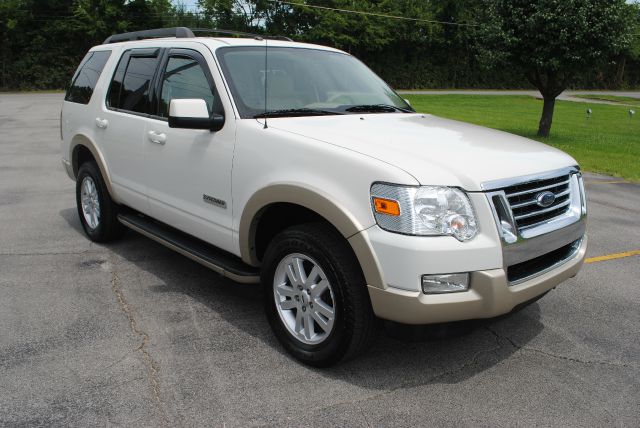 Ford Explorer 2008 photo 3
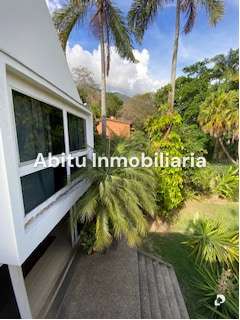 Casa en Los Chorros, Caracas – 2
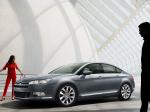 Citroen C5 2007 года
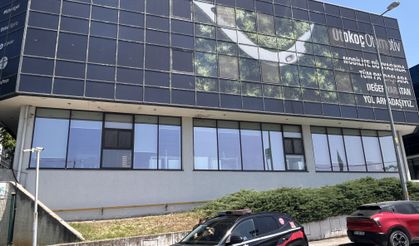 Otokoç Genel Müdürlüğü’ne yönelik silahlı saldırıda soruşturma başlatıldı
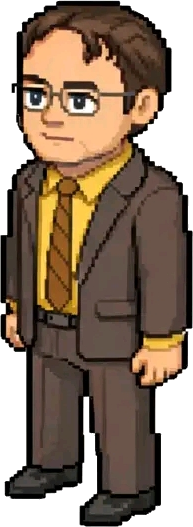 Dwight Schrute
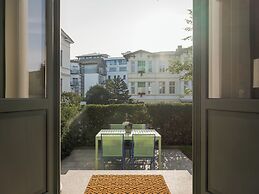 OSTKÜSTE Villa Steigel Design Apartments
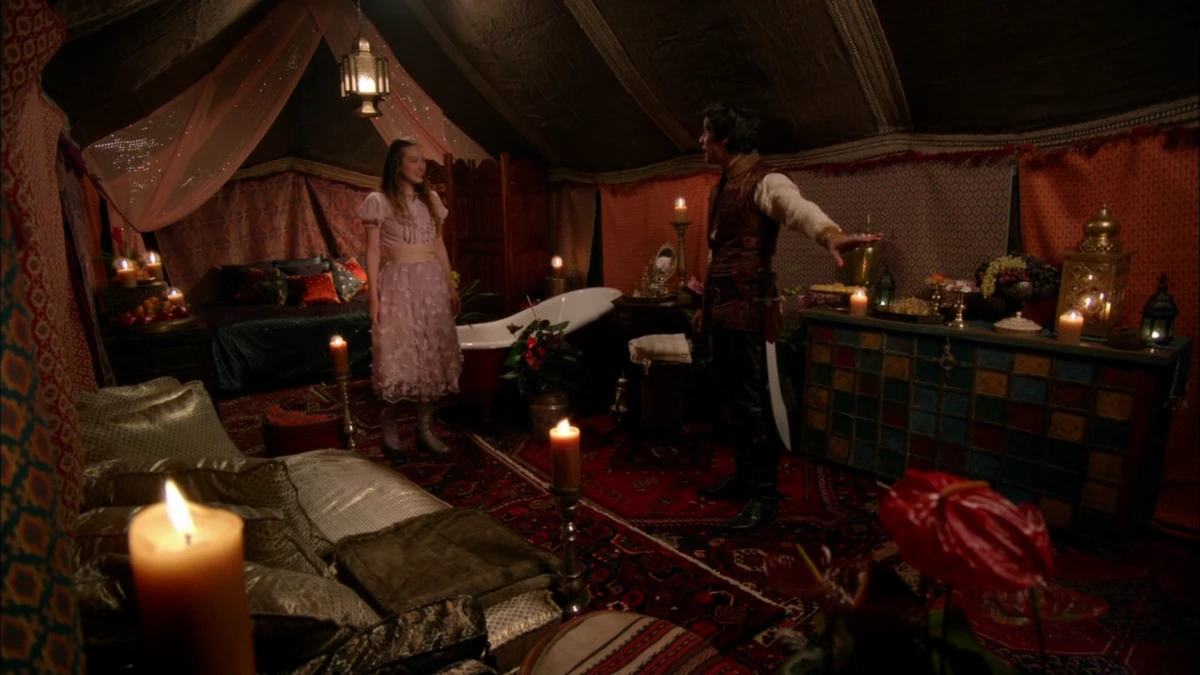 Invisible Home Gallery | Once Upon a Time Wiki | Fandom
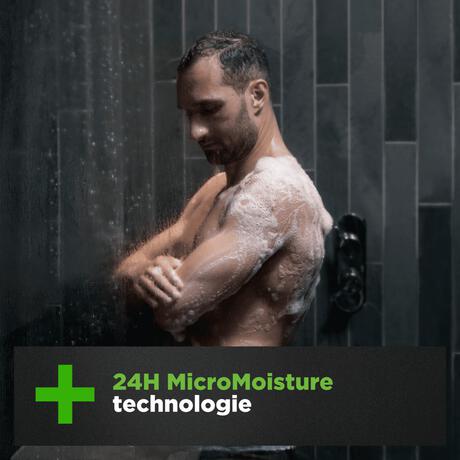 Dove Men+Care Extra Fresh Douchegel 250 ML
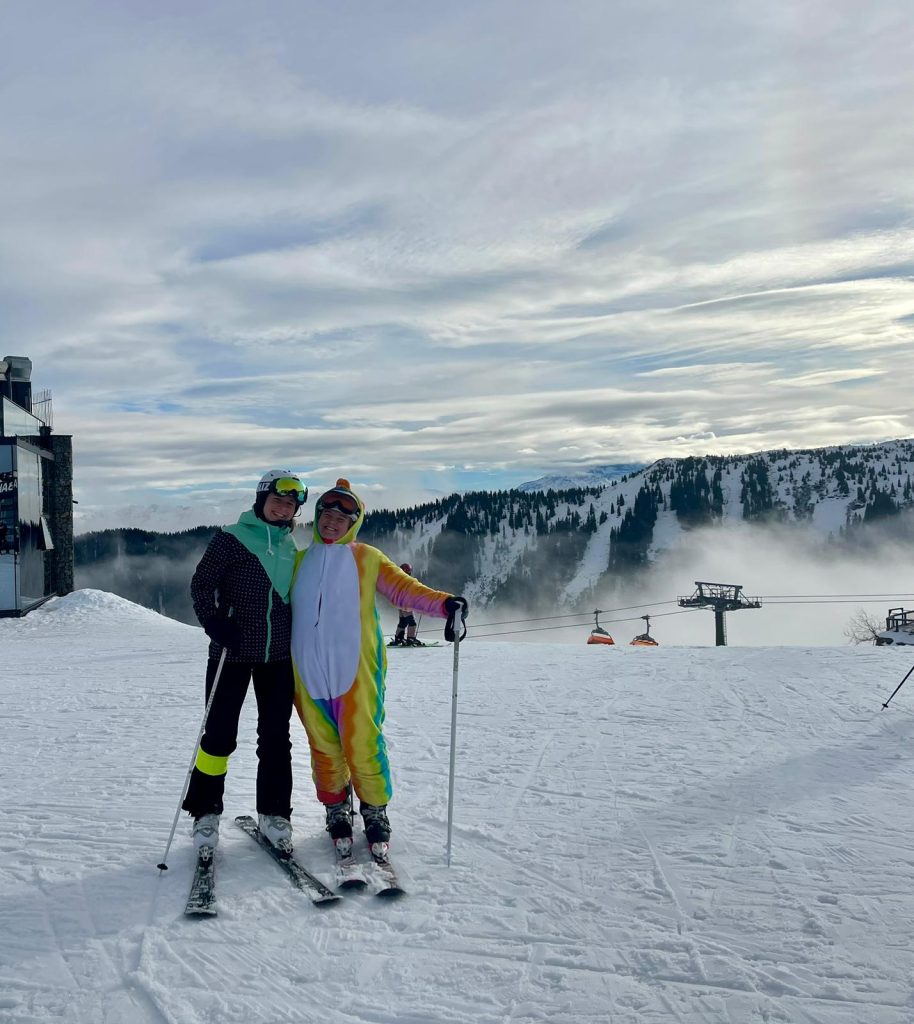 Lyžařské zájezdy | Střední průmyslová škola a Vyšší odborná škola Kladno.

§ Task goal
Leaving out all pictures, transcribe the listing exactly.

§ The completed task
 Ford Explorer 2008 photo 3
 Casa en Los Chorros, Caracas – 2
 Citroen C5 2007 года
 Otokoç Genel Müdürlüğü’ne yönelik silahlı saldırıda soruşturma başlatıldı
 Dwight Schrute
 OSTKÜSTE Villa Steigel Design Apartments
 Invisible Home Gallery | Once Upon a Time Wiki | Fandom
 Dove Men+Care Extra Fresh Douchegel 250 ML
 Lyžařské zájezdy | Střední průmyslová škola a Vyšší odborná škola Kladno.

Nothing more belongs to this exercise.